» Aim of the exercise: Would you please give every entry again exactly, without the pictures?

» Supplied material:
:::
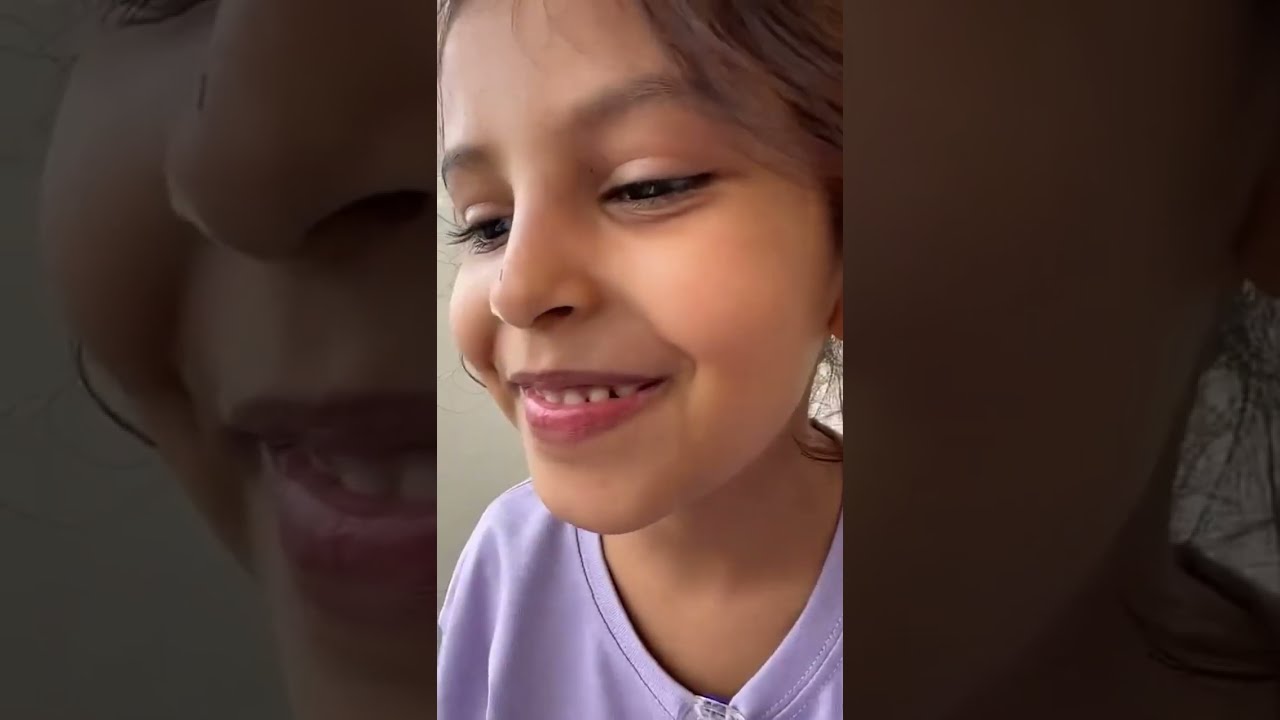 فناتي دنى ودانه | غناتي تحت المطر 😍✈️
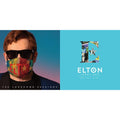 This is a 2 LP Vinyl SKU bundle.
1.This LP Vinyl is brand new.Format: LP VinylThis item's title is: Lockdown Sessions (Blue Vinyl/2LP) (X)Artist: Elton JohnLabel: INTERSCOPEBarcode: 602438893843Release Date: 1/7/2022
2.This LP Vinyl is brand new.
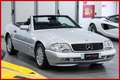 Mercedes-Benz SL 320 TAGLIANDATA - NAVI - XENO Argento - thumbnail 3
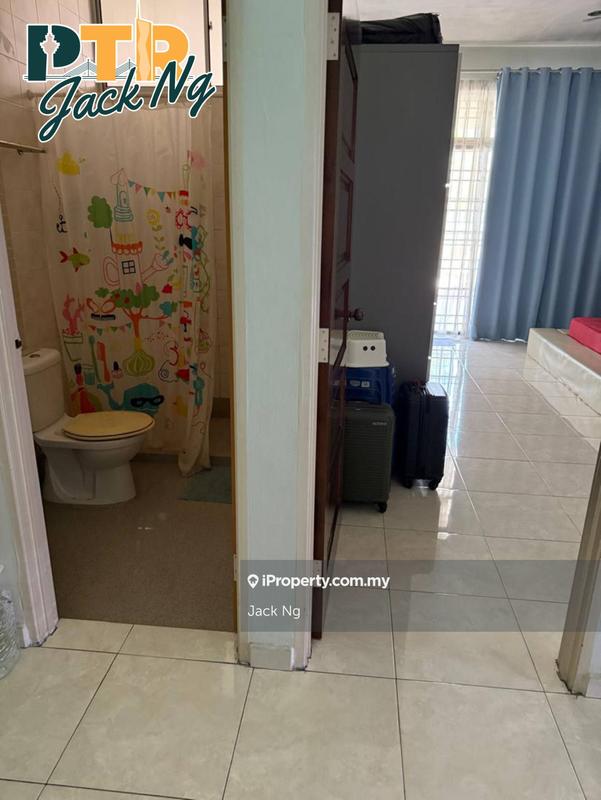 2-storey Terraced House for Sale in Taman Janggus Jaya, Seberang Jaya by Jack Ng - iProperty.com.my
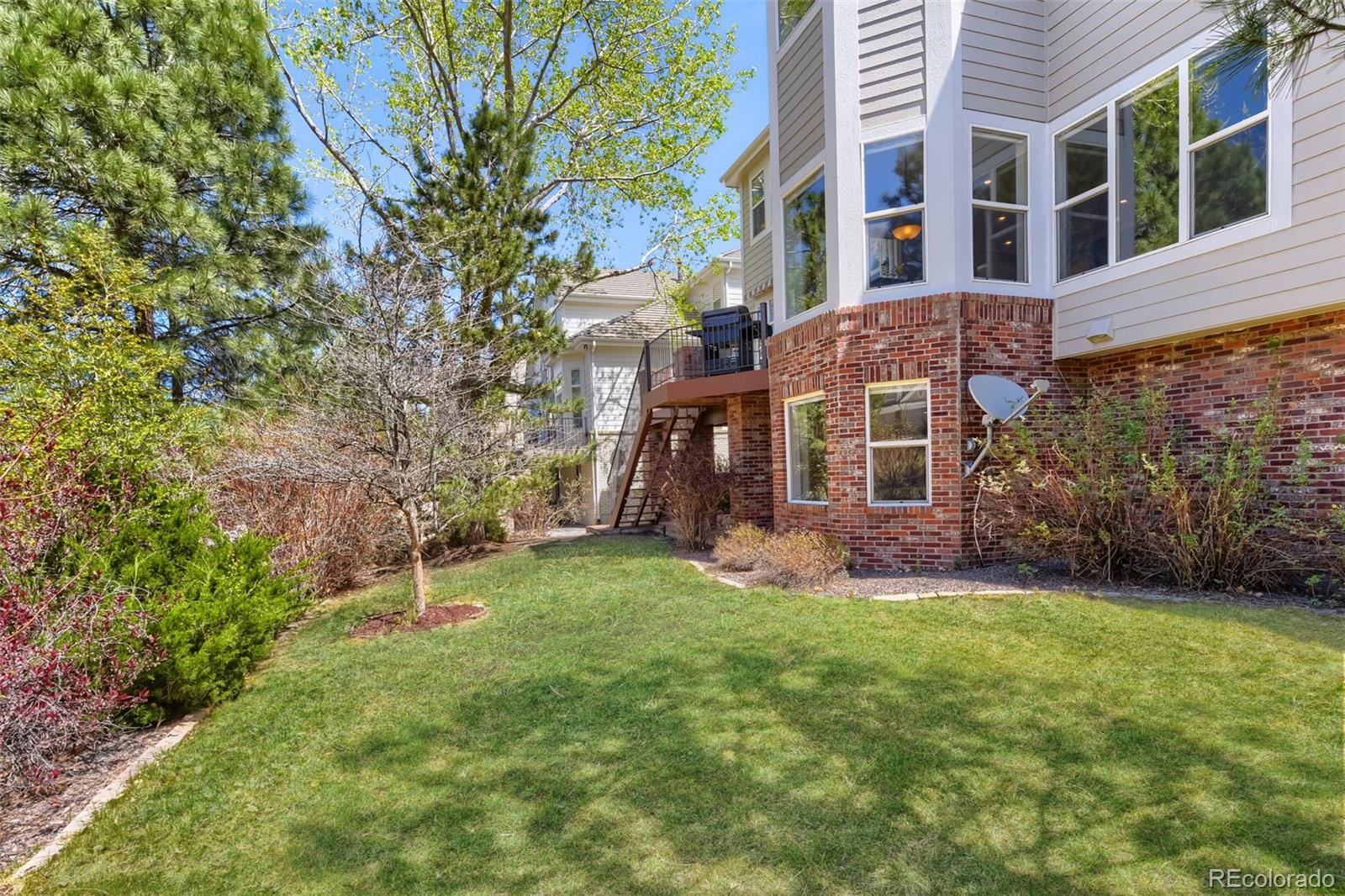 MLS Image #43 for 9969  longview drive,lone tree, Colorado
:::
» Answer area:
 فناتي دنى ودانه | غناتي تحت المطر 😍✈️
 This is a 2 LP Vinyl SKU bundle.
1.This LP Vinyl is brand new.Format: LP VinylThis item's title is: Lockdown Sessions (Blue Vinyl/2LP) (X)Artist: Elton JohnLabel: INTERSCOPEBarcode: 602438893843Release Date: 1/7/2022
2.This LP Vinyl is brand new.
 Mercedes-Benz SL 320 TAGLIANDATA - NAVI - XENO Argento - thumbnail 3
 2-storey Terraced House for Sale in Taman Janggus Jaya, Seberang Jaya by Jack Ng - iProperty.com.my
 MLS Image #43 for 9969  longview drive,lone tree, Colorado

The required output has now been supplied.